Now the question asks to find the value of c, given the expected value is 1. Here is what I have done:

First, find the values of the probabilities at 0,1 and 2

Using limits, we find P(X=0) is 1/4. Similiarly, we find P(X=1) is 1/12 -c (here I subtracted c+1/4 from 1/3, using the idea of limits again)
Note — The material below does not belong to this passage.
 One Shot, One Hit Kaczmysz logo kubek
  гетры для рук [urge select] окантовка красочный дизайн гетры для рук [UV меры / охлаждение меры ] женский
Finally, we find P(X=2) is 1- 1/3 = 2/3.

Now, use these values to calculate the expected value:

Here is where the confusion arises. First, I split the E[X] into three components:

1) the definite integral of d/dx [(cx + 1/4)times x] between 0 and 1

2) 1/12 - c times 1

3) 2 times 2/3

Now, I add these all up and equate:

c/2 +4/3 +1/12 -c = 1,

hence solving c = 5/6, however this leads to a negative probability for P(X=1), as 1/12 - 5/6 is less than zero.

Where have I gone wrong in my above calculations? I think it's to do with my expected value calculation.

Answer 1

Your calculations are all correct. Even with somewhat less work than you did, one can see that it is impossible for the mean to be $1$. Our random variable is non-negative, and is equal to $2$ with probability $2/3$, so has it has mean at least $4/3$. Presumably there is a typo in the description of the cumulative distribution function.

Answer 2

Problems involving mixed random variables are sometimes easier to solve using an alternative definition of the expected value. For a nonnegative random variable, which is what you have, this alternative definition is

$$E[X] = \int_0^{\infty} [1 - F(x)]\,\mathrm dx$$ where the square brackets should not be removed and the integral on the right expressed as the difference of two integrals from $0$ to $\infty$. For your CDF, you can write $$E[X] = \int_0^1 \left[\frac{3}{4} - cx \right]\,\mathrm dx + \int_1^2 \frac{2}{3}\,\mathrm dx + \int_0^{\infty} 0 \,\mathrm dx$$ So, compute the value of the integrals which will give you a function $g(c)$ of $c$, set $E[X] = g(c) = 1$, and solve for $c$.

Edit: Ooops, as André's answer shows, you will get a nonsensical answer if you follow the above procedure for your CDF, but the idea will work for a correctly formulated problem.